So the revolt against Antiochus’ severe decrees began not in the city, but in the countryside, in the small village of Modin. That is where the story of the Maccabees began, of Matathius who in anger slays a Jew he sees bowing down to an idol, of his sons, led by Judah, who organized the people into an army and led them to recapture the Temple. Yes, three years of courageous guerilla warfare is described in the Books of Maccabees, how a very few managed to drive out an overwhelmingly superior Syrian army. But I am not a militarist, so that is not the part of the story I want to fixate on.
What did these farmer-soldiers from Modin and other little villages do when they recaptured the Temple? The first thing they wanted to do was to celebrate Sukkot, even though they were a few months late. It was the Hebrew month of Kislev, not Tishri; it was December, not October. But there they were, in the Temple, and they were farmers, so they celebrated Sukkot, and Sukkot is an eight-day long holiday according to the Bible. You add in Shmini Atzeret at the conclusion.

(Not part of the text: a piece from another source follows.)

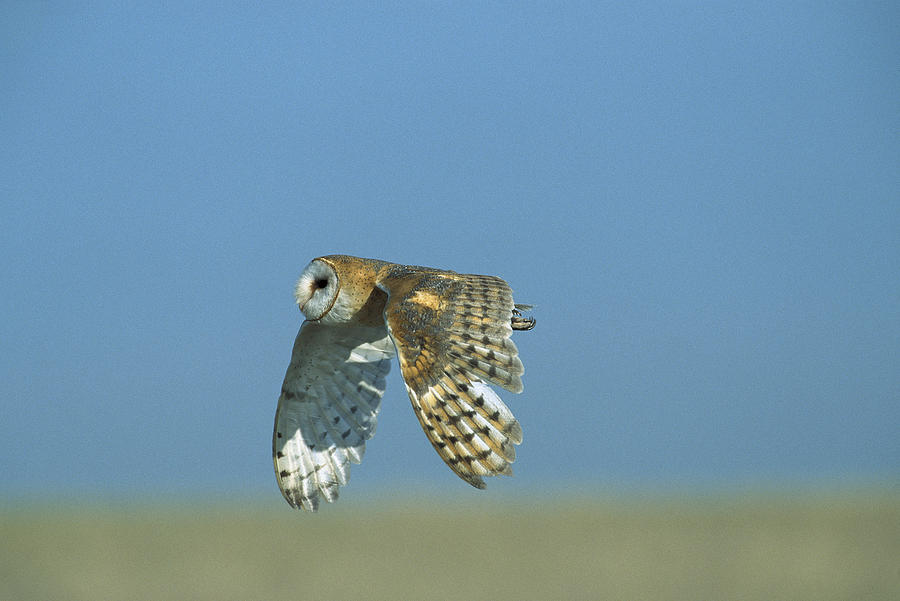Barn Owl Tyto Alba Flying, North America Photograph by Konrad Wothe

For many of us that is the end of our study of Jewish history for a while. We kind of take a jump from 165 B.C. E., the rededication of the Temple, until 70 C.E., and the destruction of the Temple by the Romans. I would like to take a quick glimpse at those 200+ years. You know that after Judah died his brothers one-by-one led and ruled in his place. Known as the Hasmoneans, they eventually secured a measure of independence for Judea, a moment of peace. They made themselves into kings; they had overcome the tyranny of Syrian rule.
But the story goes on and the next step is as an important a part in the survival of Judaism as was the military victory. During this period, secure now in their independence, Jews began imitating the Greeks again. And this time imitation did not threaten but rather insured our survival. The Maccabees themselves took on Greek-style names. In the years following the victory, when they were able to celebrate Sukkot on the right date, they still maintained another eight-day holiday in Kislev – in December – to celebrate the anniversary of their victory. Now the very notion of celebrating a military victory as a religious holiday was a Greek idea. What Jew had ever heard of having a holiday which was not commanded in the Torah? And at a deeper level, ideas of Greek origin crept into Jewish thinking – ideas like life after death, and the notion of a soul. These ideas later became central to our tradition, but they came to us from Greek influence.

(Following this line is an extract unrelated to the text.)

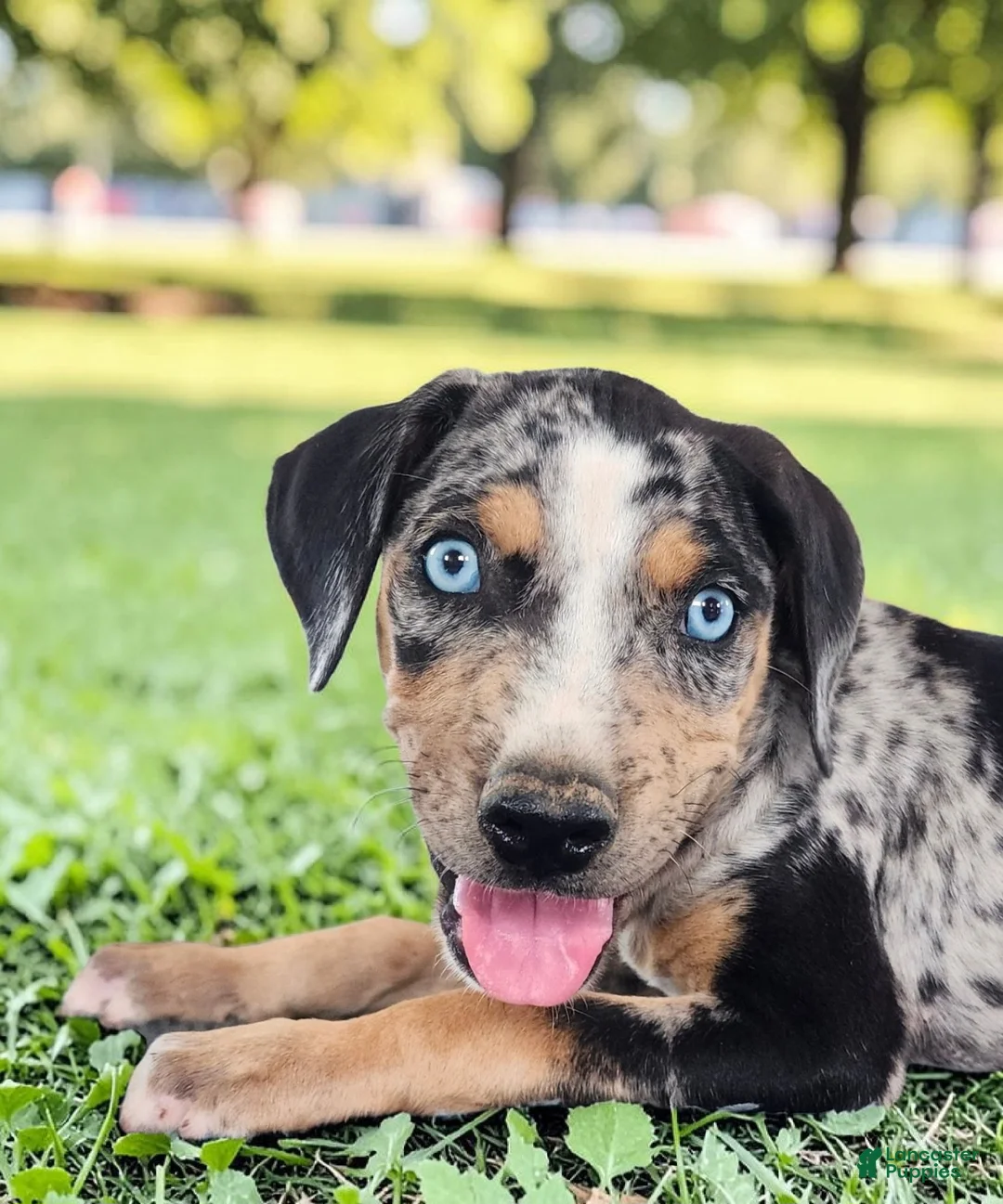 Catahoula Leopard Dog dogs for sale: MS 2026 Male 1 - Ad 1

So if the Maccabees themselves – the leaders in the war against oppression, stalwarts in the fight for Judaism – if they themselves so soon succumbed to Greek styles and influence, how were they different from the assimilationists who had come before them?
The difference was this. The Maccabees, although eventually open to the world around them, were Jews first. By being Jews first, they were selective in their openness. Their choices guaranteed rather then threatened Jewish survival. Their predecessors had been willing to accept anything – they would have substituted Zeus for God; trophies for circumcision, the ancient mark of the covenant of our people. In the end, they would have been as the Amorites and the Edomites, as every other ancient people who, in swallowing Greek culture whole, wound up digesting themselves. With total assimilation, we Jews would have vanished as a separate people.

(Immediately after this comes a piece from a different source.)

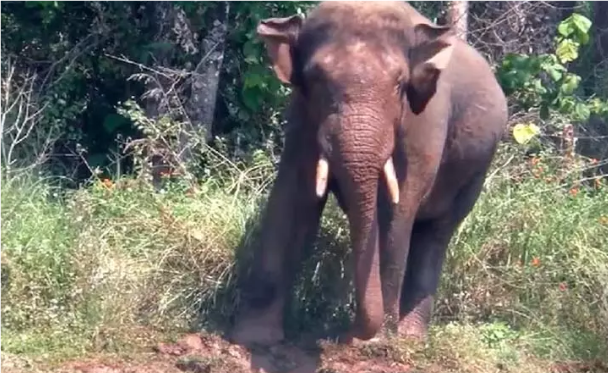 ஜார்க்கண்டில் சோகம்: ஒரே நாளில் யானை தாக்கி 5 பேர் உயிரிழப்பு!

But, friends, we could equally well have become a mere footnote in history had our answer to the ancient Greeks been one of total isolation. Greek culture had appeal, and that appeal had to be addressed if Judaism was to remain vibrant and relevant. The Egyptian culture cut itself off from Greek thought, remained totally purist and perished when all of its young people flocked to mystery cults and eventually abandoned the teachings of their ancestors all at once.
Twin perils loomed, friends – assimilation on the one hand, the pursuit of every fleeting fad and fashion until any rooted sense of who you were was gone; and, on the other hand, isolation, a rigidity and resistance to change which cannot be maintained indefinitely. The Maccabees hewed a narrow path of survival with oblivion being the abyss which lay on either side.
I suggest that that narrow path has become an important Jewish model for survival – maintaining our identity but not closing ourselves off from the outside world. Just as the Maccabees did not worship Greek gods yet were open to Greek culture, so this balance has been the secret of our survival in all the different places we have lived. Chanukah is a holiday about Jewish survival and about the miracle which that survival truly represents. It is a holiday whose very message cries out that it is OK to be different and to be proud of being different even as we admire and learn from our neighbors.
The choice regularly confronts us which confronted the Maccabees. Radical assimilationist Jews willing to go along with anything in order to get along and fierce anti-assimilationists – zealots unwilling to give an inch, frozen in the Judaism of antiquity, or at least their understanding of it. The model of the Maccabees was to embrace Greek culture to a significant degree, but to fight fiercely against the extreme position of doing away with dietary laws, Shabbat observance and circumcision – the core principles and practices which defined Jews as Jews.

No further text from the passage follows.